From the name Mayuraposaka, therefore, was derived the epithet Mauryas. All this will lead to the conclusion that Chandragupta was a Kshatriya who originally belonged to a humble station of life but not of low or base origin.

The Greek source based on the contemporary Indian tradition also points to the same conclusion and fits in well to the story of the rise of Chandragupta. According to Justin Chandragupta was a man of humble origin, but was stimulated to aspire to regal power. Justin’s reference to ‘humble origin’ at best means humble station of life not low born or base-born.

This is in agreement with H. C. Roychaudhuri’s observation that during the fourth century the Mauryas were reduced to great strait and Chandragupta grew up among the Peacock-tamers in the Vindhyas. We may, therefore, conclude that Chandragupta Maurya was a Kshatriya and originally belonged to the ruling clan of the little republic of Pippalivana. This is also borne out by Mahaparinirvana Sutra, a Buddhist composition almost contemporaneous with the Mauryas of Pippalivana and the oldest of our evidences in this regard.

Early Life and Rise to Power:

Alexander’s campaigns had dislocated the Political Organisation of north-west India. This part of India had already passed under the grip and stranglehold of foreign rule. The Eastern India was under the tyrannical rule of the Nanda King Dhanananda. The atmosphere was full of frustration and depression.

A battle of India’s independence was the only way to shake off the yoke of foreign rule as well as to bring an end to the tyrannical rule of the Nandas.
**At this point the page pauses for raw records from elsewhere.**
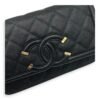 Filigree Wallet On Chain Black in Caviar Leather, Gold hardware - Image 7
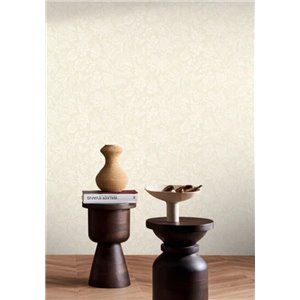 Ivory branch wallpaper with an embroidered look 2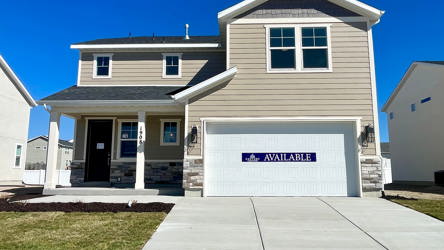 A building with a sign on the front.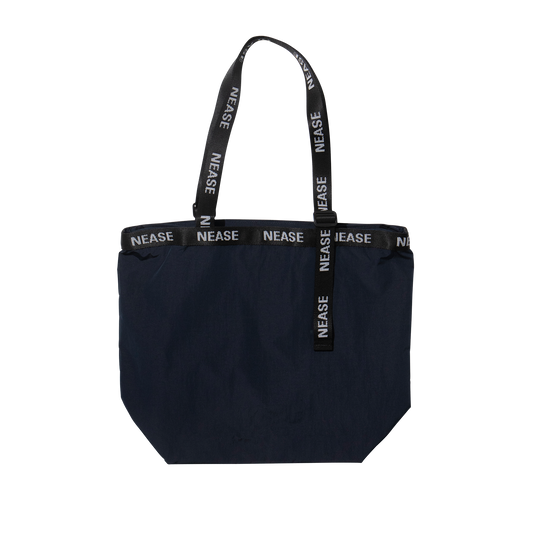 NEASE Nylon tote bag (navy)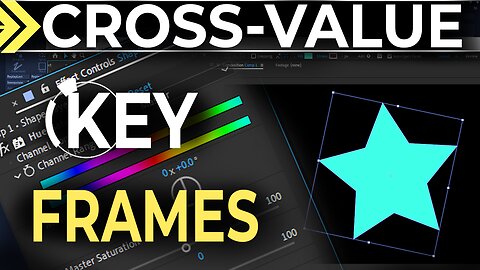 After-Effects: Cross-Value-Keys (In 60 SECONDS!!)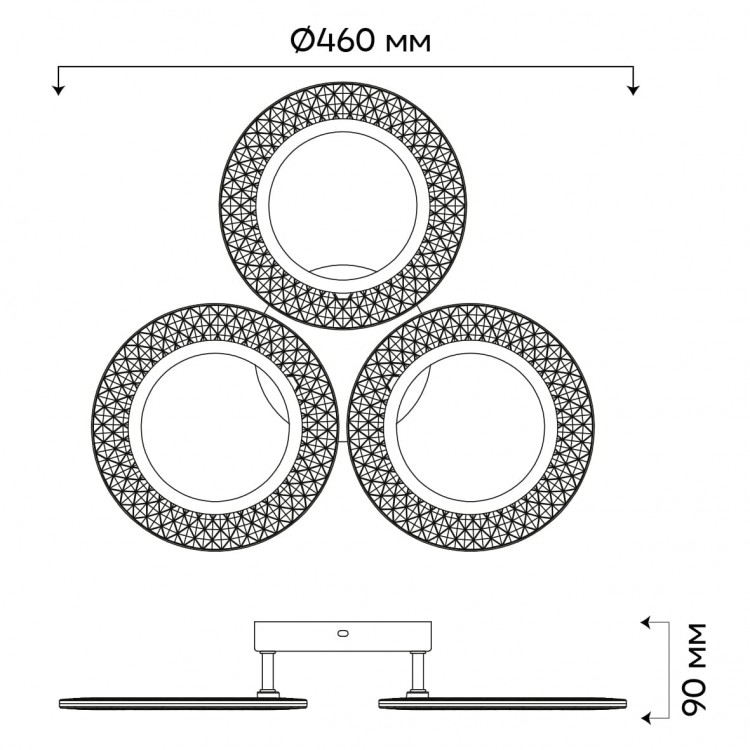 Светодиодный накладной светильник Ardero AL6453ARD VIVA 28Вт белый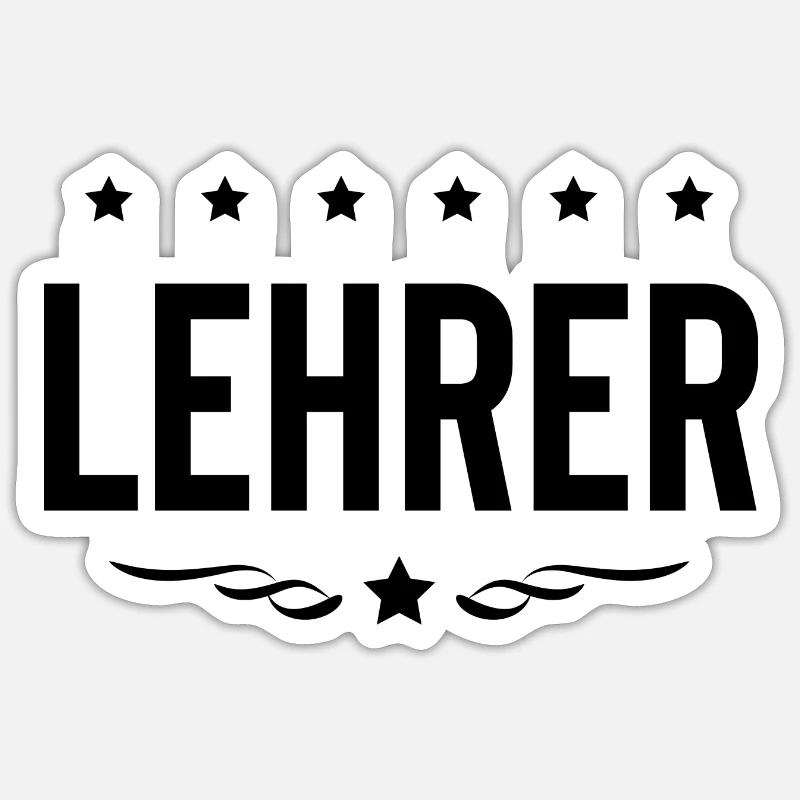 Lehrer Beruf - Sticker Größe S (10 x 10 cm) - Mattweiß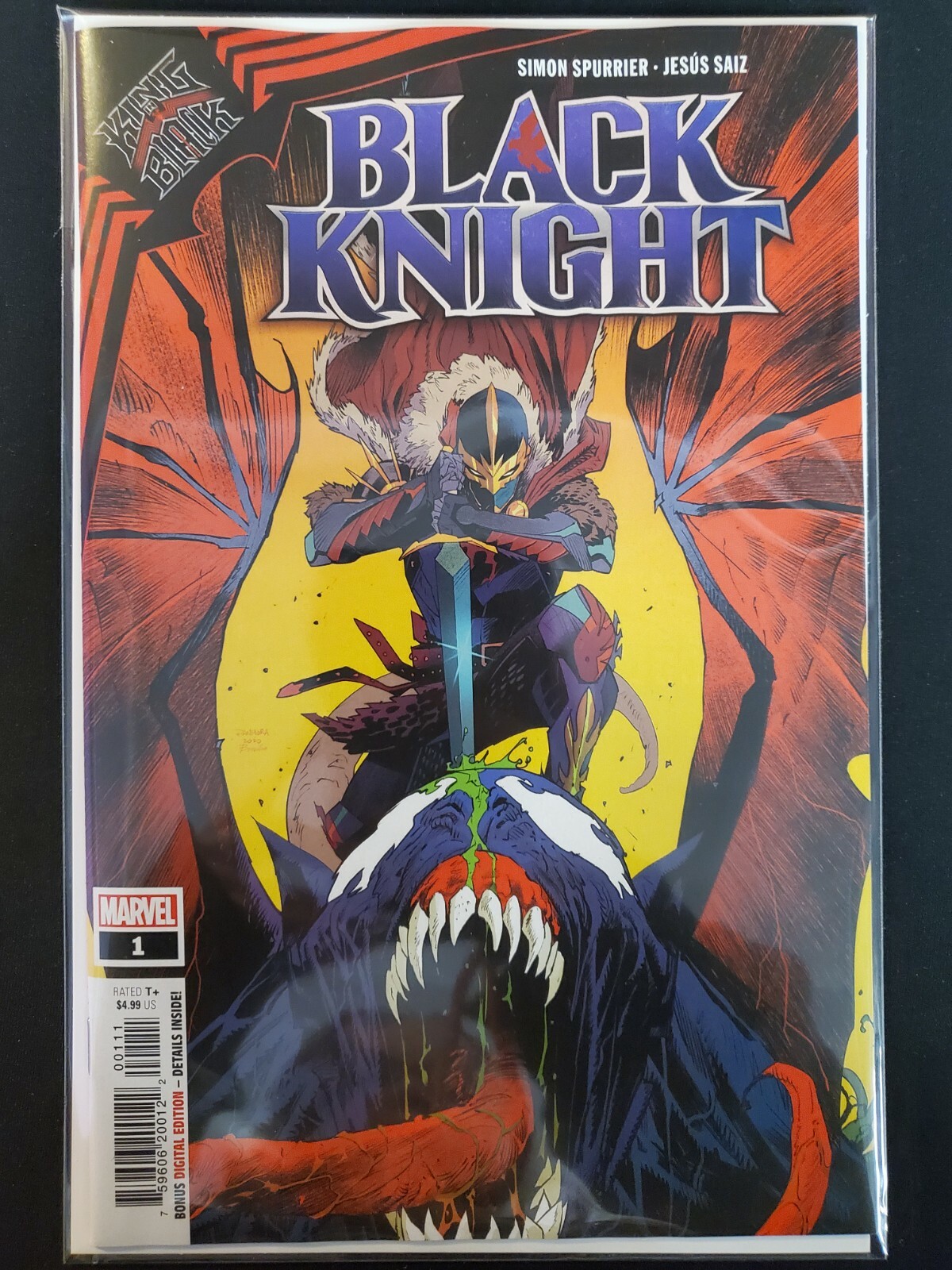 King in Black Black Knight #1 Marvel VF/NM Comics Books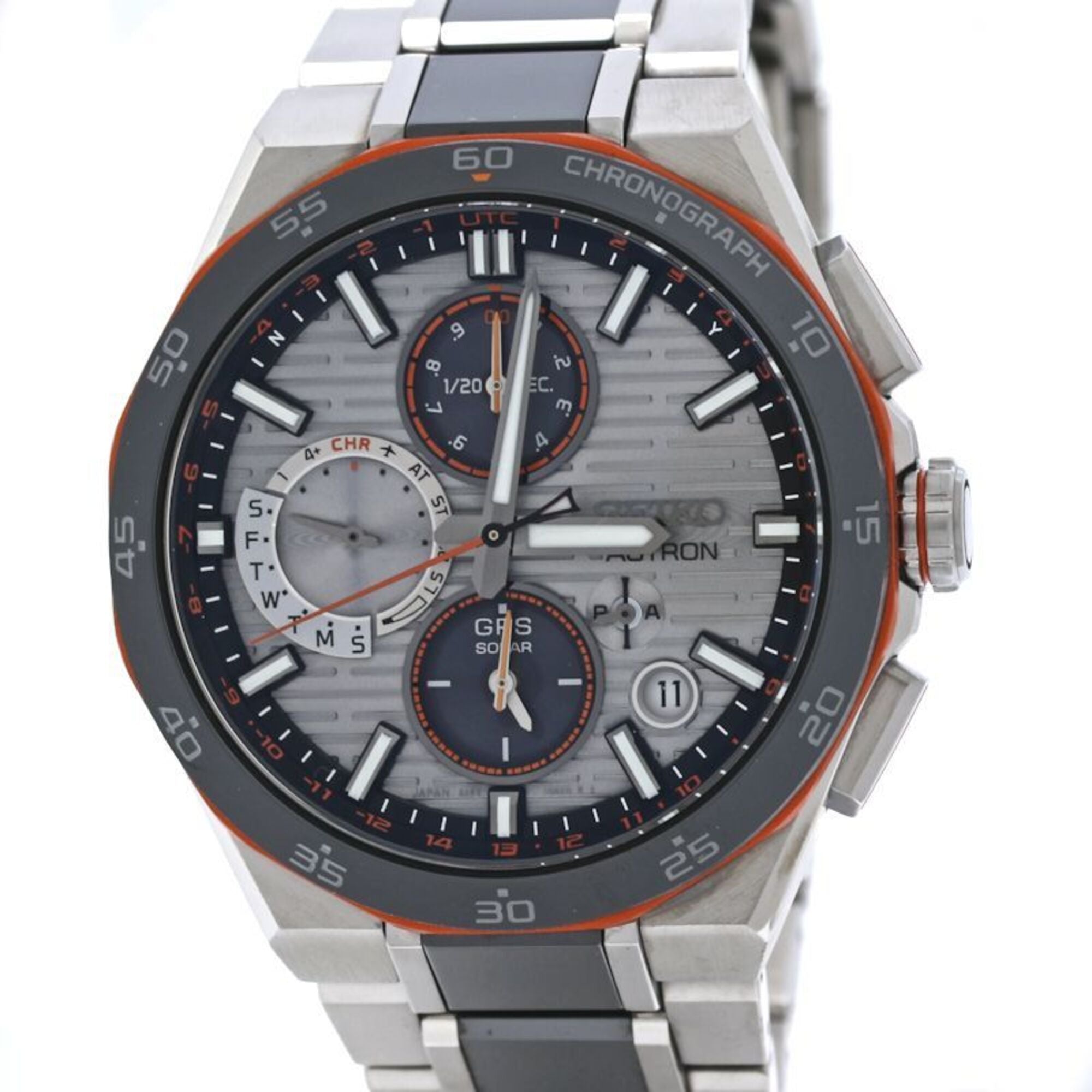 Seiko Astron SBXC183 5X83-0AS0-1 Silver Dial 43mm Watch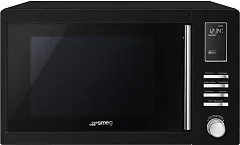 Отдельностоящая микроволновая печь SMEG MOE25B, чёрный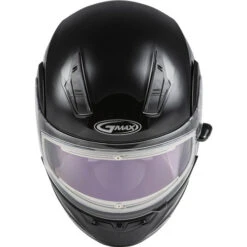 Gmax MD-04S Modular Snow Helmet - Electric Shield -Motorcycle Helmet Store gmax md 04s modular snow electric shield helmet black top 12901.1698271147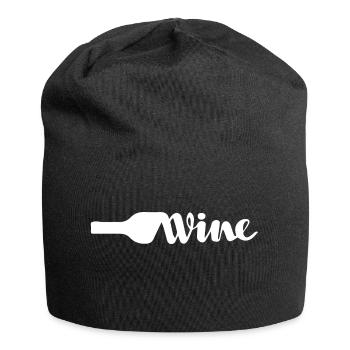 Bière Vin Whisky Schnaps Alcool - Bonnet en jersey - noir - Devant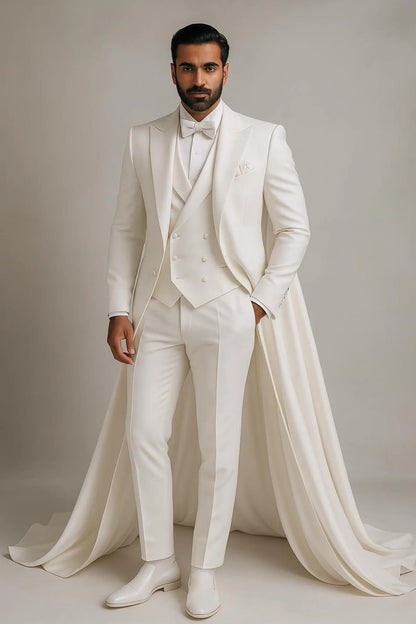 Luxury Tuxedo Suit – Royal Wedding Groom Outfit, Elegant Formalwear for Men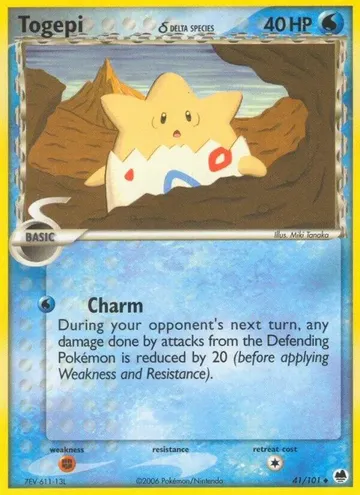 Togepi δ 41 $8.00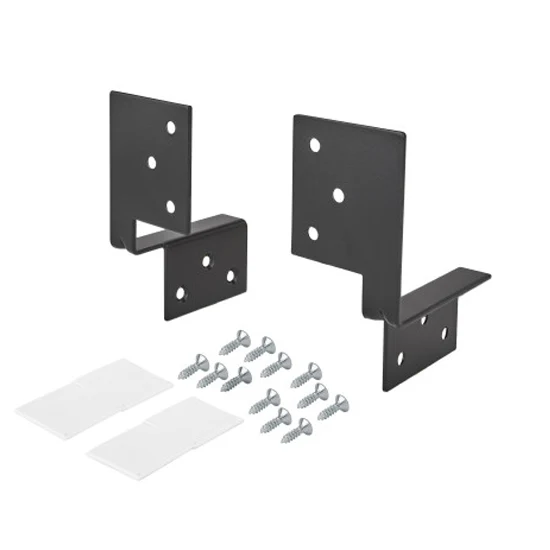 Jewelry Drawer Door Mount Bracket Black Metal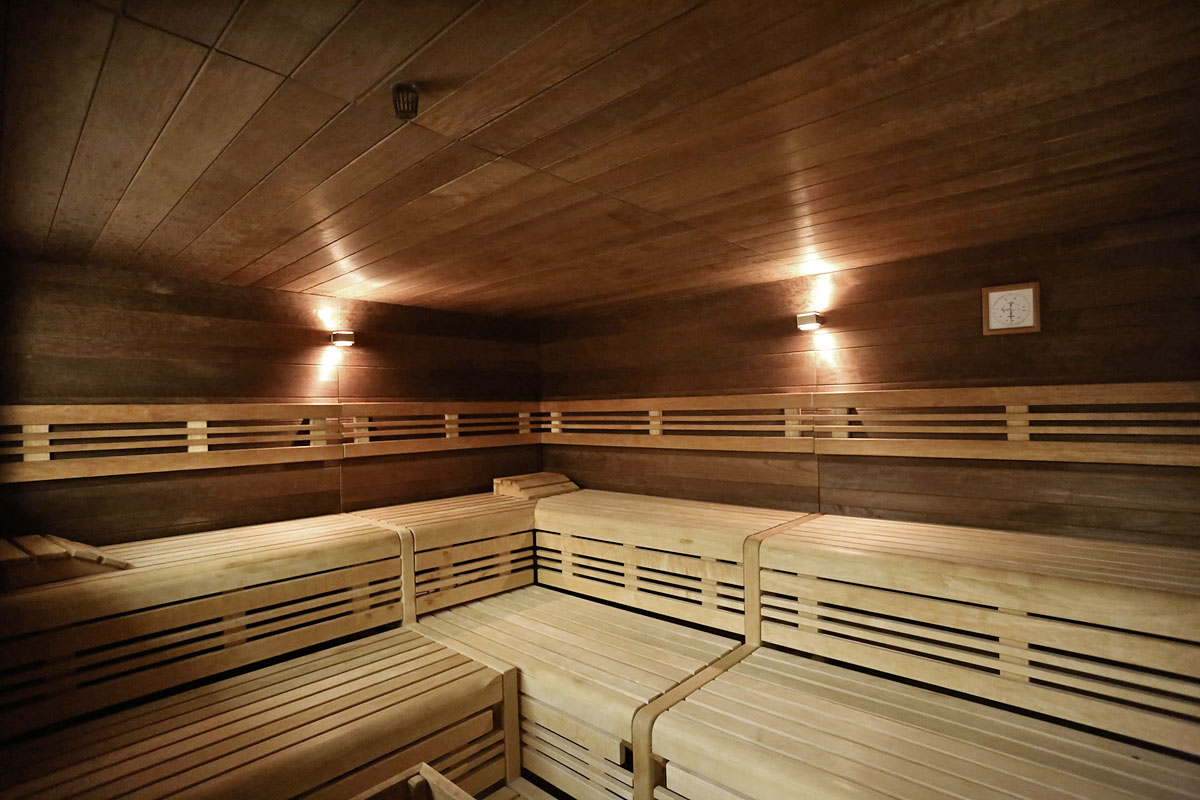 Wellnessbereich (Sauna)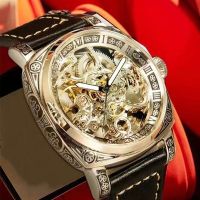 Edle Skelett Automatik Uhr Armbanduhr Herrenuhr Automatikuhr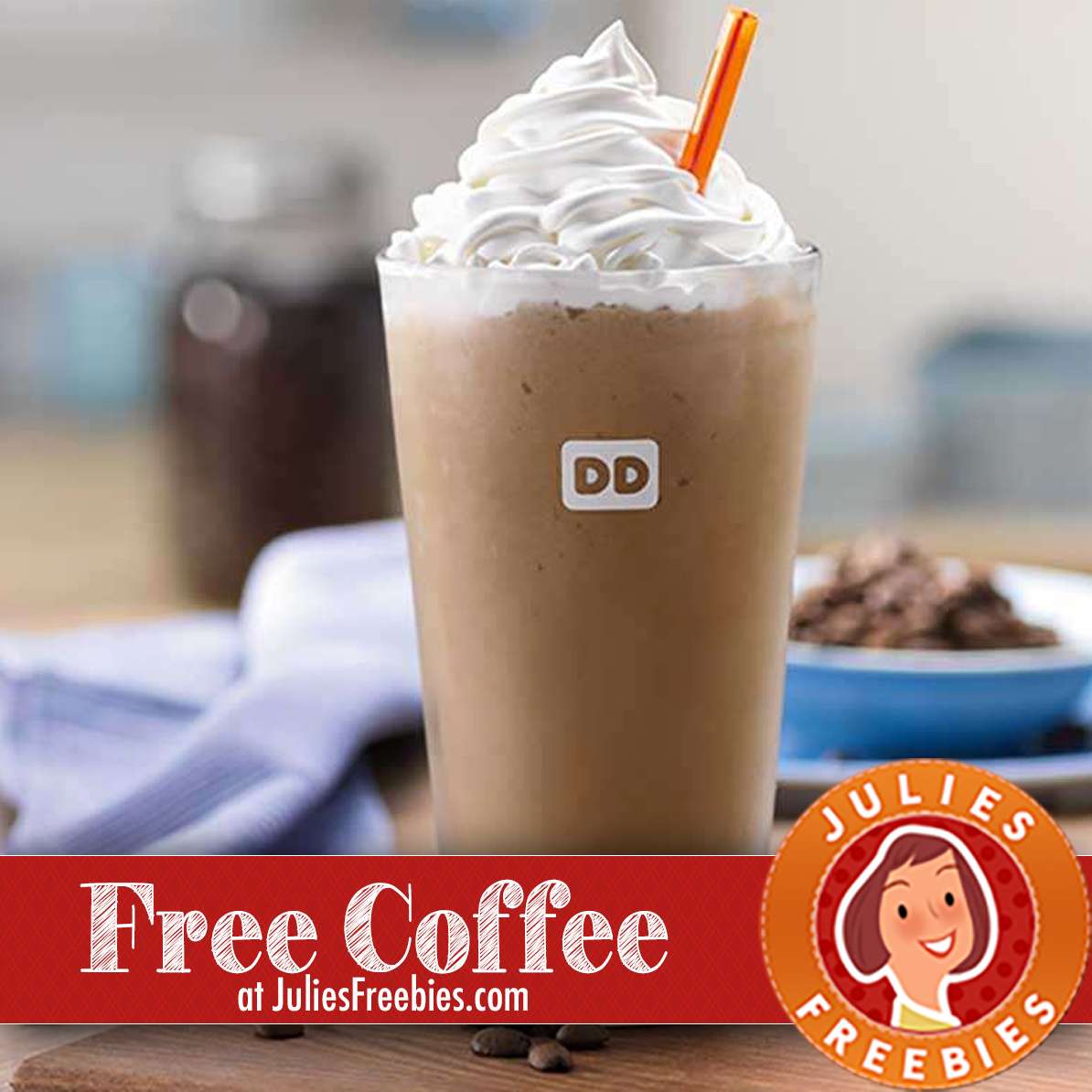 Free Frozen Coffee at Dunkin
All this called for a leader of exceptional ability and vision who could infuse life and enthusiasm among the Indians and organize a national resistance. Fortunately, such a leader emerged in the person of Chandragupta.

The story of Chandragupta’s early life and rise to power is of absorbing interest. On the evidence of the Buddhist traditions Chandragupta’s father who was the Chief of Pippalivana was defeated and killed in a battle with the ruler of the neighbouring kingdom.

This had reduced Chandragupta’s mother, to great straits. Poverty and lack of personal security compelled her to seek shelter in Pataliputra, the Magadhan capital. She was then an expectant mother. In Pataliputra Chandragupta w is born. He was adopted by a cowherd of a nearby village and Chandragupta began to grow among the cowboys.

Here Kautilya saw the boy Chandragupta and having been impressed by certain signs in the boy that promised future greatness Kautilya purchased him from the cowherd on payment of one thousand Karshapanas. There are, however, minor discrepancies in the details given in different works.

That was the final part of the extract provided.